In chapter three of the book, Old-Earth or Evolutionary Creation?: Discussion Origins with Reasons to Believe and BioLogos, the topic is Adam and Eve. Lots of people assume that everyone associated with BioLogos must believe the same thing about Adam and Eve, namely, that they never existed. But that just isn’t the case. There are multiple models for understanding the biblical Adam and Eve that are consistent with what we know about the world today through science. Reasons to Believe (RTB) holds to the “traditional” model of Adam and Eve being created separately from the other life on earth and as the sole progenitors of all human beings. BioLogos representative Loren Haarsma interacts with RTB’s Ken Samples and Ted Cabal (professor at The Southern Baptist Seminary).
The excerpt below is from Loren’s opening essay where he lays out several of the models for Adam and Eve held by those who affirm the scientific consensus regarding human evolution (Reprinted with permission of InterVarsity Press).
Having looked briefly at three areas of scholarship, we can now describe a few potentially viable scenarios for interpreting Genesis 2–3. Each agrees with the scientific consensus on human evolution that our ancestral population was never as small as two individuals. These scenarios are also consistent with core doctrinal commitments regarding humans being created in the image of God and the reality of sin as disobedience to God’s revealed will.
- Adam and Eve as a transformed pair of ancient representative-ancestors of all humanity. At some early point when our ancestral population was only a few thousand individuals, perhaps about two hundred thousand years ago in Africa, God specially selected a pair not only to receive special revelation but also to be miraculously transformed—perhaps by a superabundant gift of the Holy Spirit—to make it possible for them to be truly holy, capable of obeying all of God’s spiritual and moral requirements. While they were for a while able not to sin, nevertheless they sinned, and the special grace that allowed them to be sinless was withdrawn. In the centuries following their revelation and disobedience, that group and their descendants mixed culturally and eventually genetically with other groups of humans alive at that time, and in this way the spiritual, psychological, and cultural effects of sin eventually spread to the entire population.
- Adam and Eve as a small group of ancient representative-ancestors of all humanity. At the point when our ancestral population was only a few thousand individuals, God specially selected a small family group of a few dozen individuals to receive special revelation. Although they potentially could have lived according to God’s expectations for them, they chose to sin. We might picture the fall as a singular event, or we might picture it as a process taking place during a probationary period for this group. That first small group who sinned are among the ancestors of all humans today, but not the sole ancestors. In the centuries following their revelation and disobedience, that group and their descendants mixed culturally and eventually genetically with other groups of humans alive at that time, and in this way the spiritual, psychological, and cultural effects of sin eventually spread to the entire population.
- Adam and Eve as a pair of recent representatives of all humanity. Somewhere between forty thousand and eight thousand years ago, God specially selected a pair of individuals to receive special revelation and to act as representatives (but not ancestors) of all human beings.
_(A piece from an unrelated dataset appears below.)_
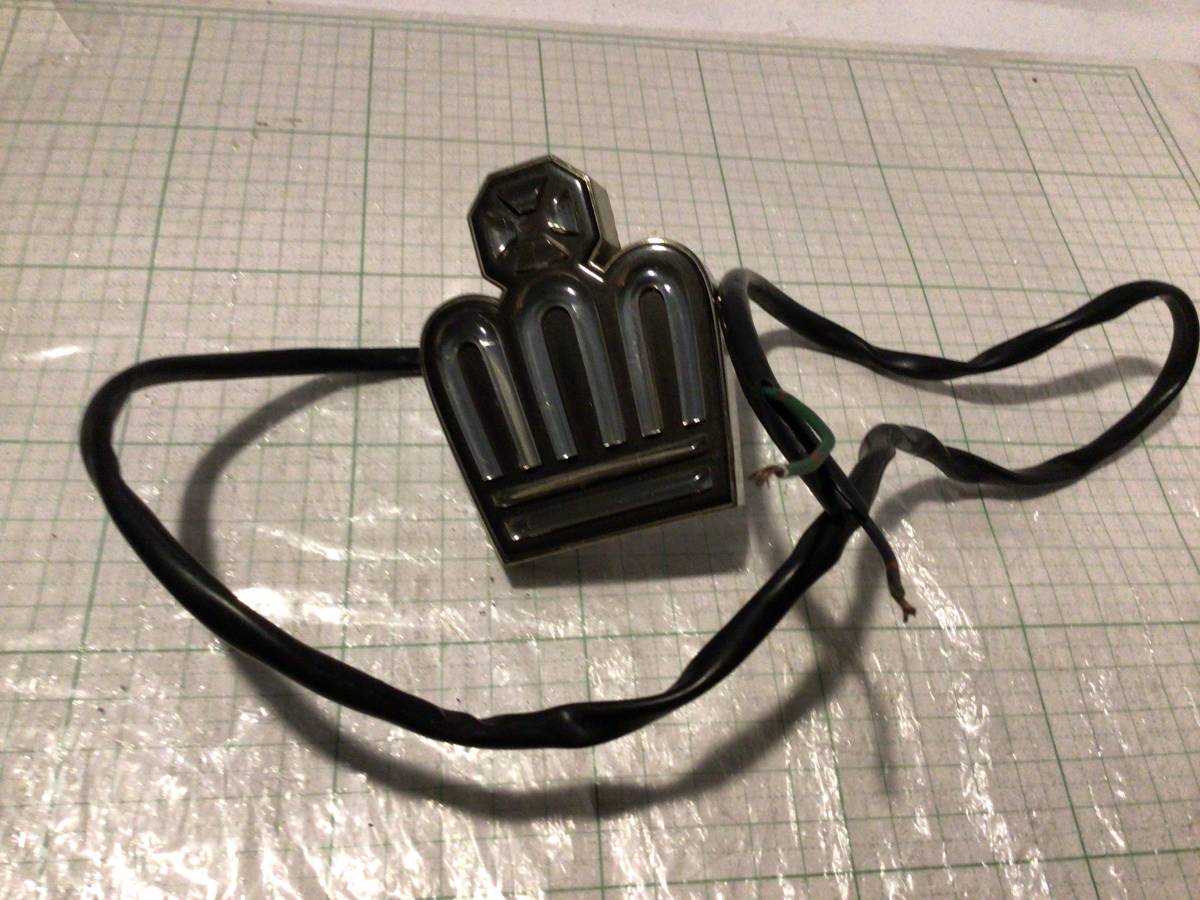 TOYOTA CROWN MAJESTA クラウン マジェスタ シャイニング エンブレム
They disobeyed God and so fell into sin in a concentrated historical event. Because they sinned as representatives of all humanity, all of humanity fell into sin. The opportunity for the rest of humanity to receive additional spiritual gifts and to enter into a state of sinless grace before God was lost.
- Adam and Eve as literary figures in a highly compressed history of all our ancestors. Over their long developmental history, whenever our ancestors became sufficiently advanced, God used both general and special revelation to tell them how they ought to behave and the consequences of disobedience. They chose disobedience again and again. Through their disobedience they damaged their relationship with God, damaged their relationships with one another, and damaged themselves. These consequences were passed from generation to generation. The sciences of genetics and archaeology are not able to show how our ancestors transitioned from animal self-interest to human sinful disobedience, although God does know.